▶

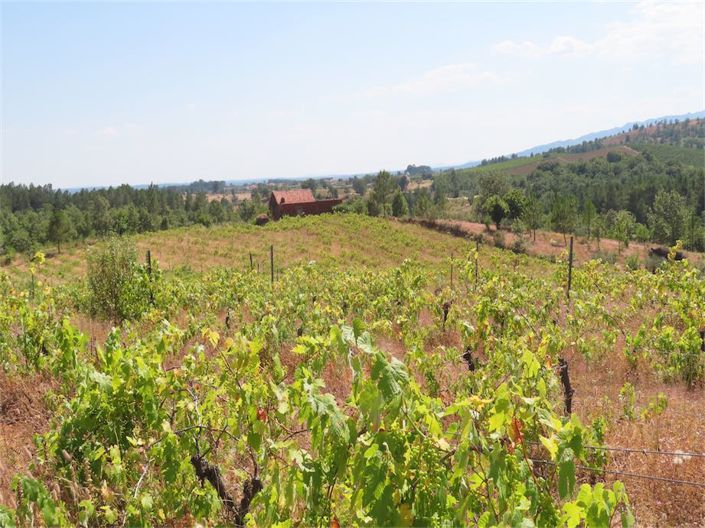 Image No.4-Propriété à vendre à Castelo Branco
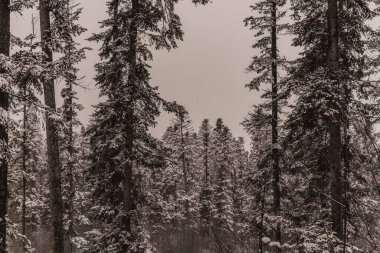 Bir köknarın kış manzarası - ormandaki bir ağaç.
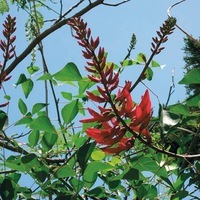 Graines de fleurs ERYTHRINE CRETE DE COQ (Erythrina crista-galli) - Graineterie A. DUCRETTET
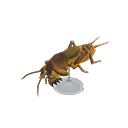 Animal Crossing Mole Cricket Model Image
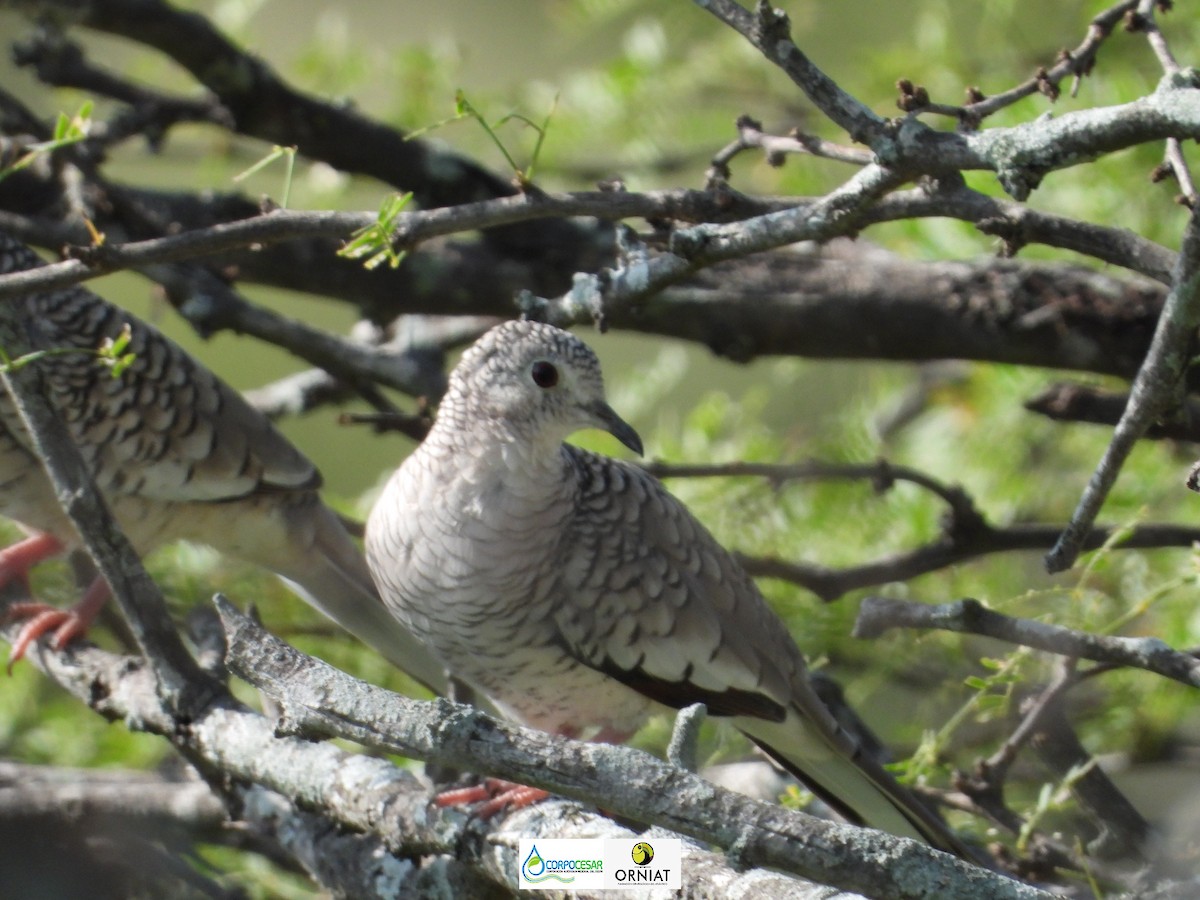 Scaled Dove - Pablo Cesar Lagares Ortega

◀
▶

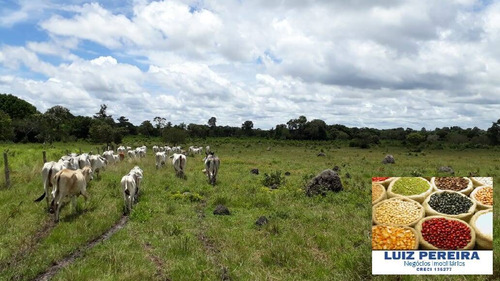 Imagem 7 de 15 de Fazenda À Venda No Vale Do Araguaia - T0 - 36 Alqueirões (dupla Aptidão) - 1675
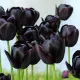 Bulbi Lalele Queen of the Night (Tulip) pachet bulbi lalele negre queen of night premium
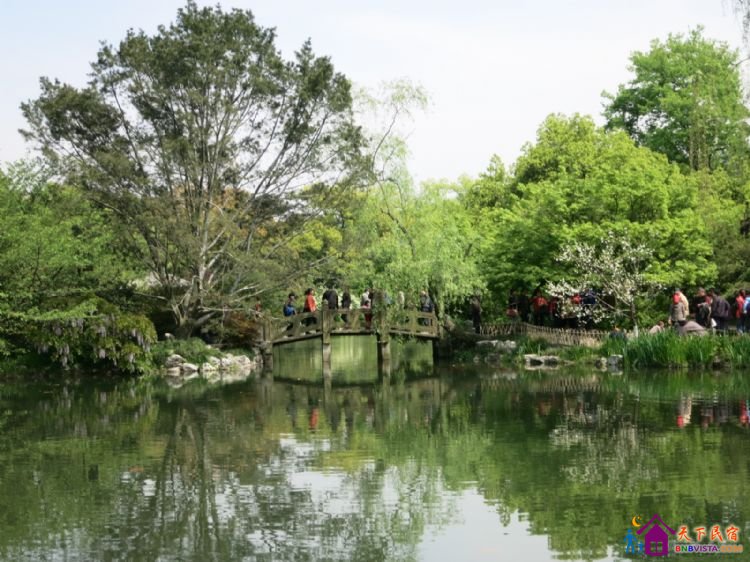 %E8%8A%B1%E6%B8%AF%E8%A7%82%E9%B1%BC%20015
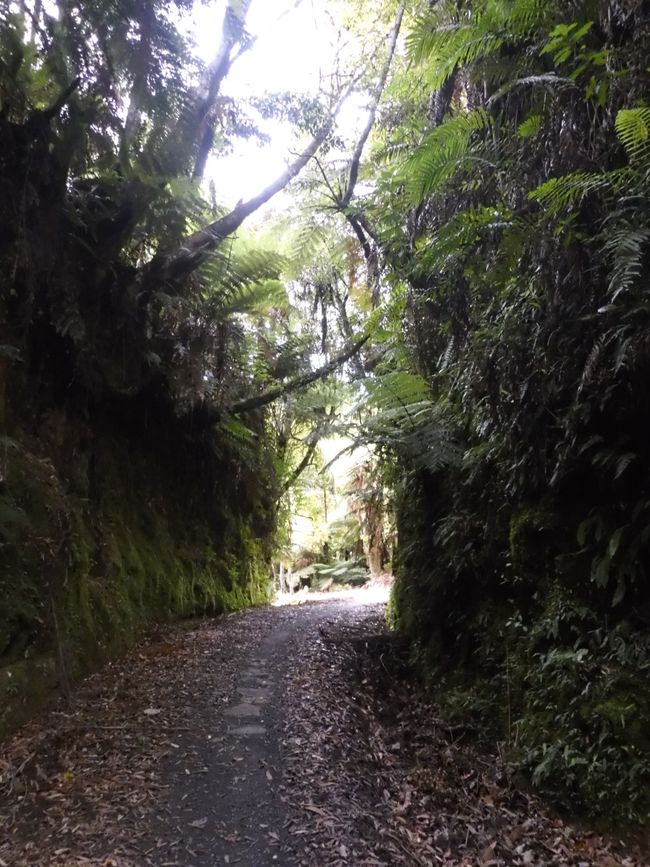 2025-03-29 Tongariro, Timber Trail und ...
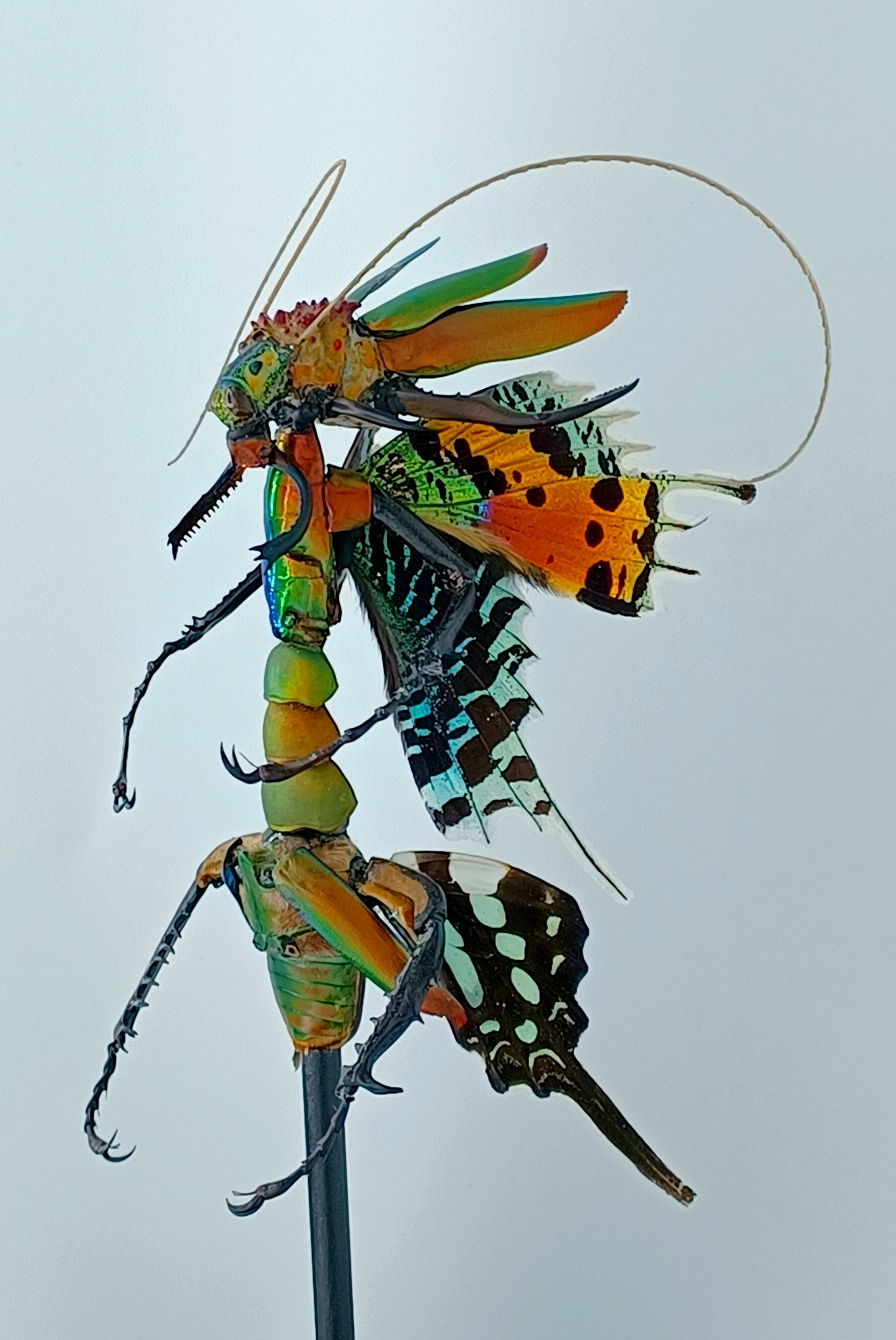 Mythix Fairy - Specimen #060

◀
▶

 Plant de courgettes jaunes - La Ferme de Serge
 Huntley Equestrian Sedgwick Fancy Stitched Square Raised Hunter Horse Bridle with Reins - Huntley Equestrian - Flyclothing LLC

◀

▶ [Task brief] Once the line with "Animal Crossing Mole Cricket Model Image" has been found above, output that line and every later line exactly, stopping after the line with "Scaled Dove - Pablo Cesar Lagares Ortega", and omit the pictures.

▶ [Result of the exercise]
 Animal Crossing Mole Cricket Model Image
 Scaled Dove - Pablo Cesar Lagares Ortega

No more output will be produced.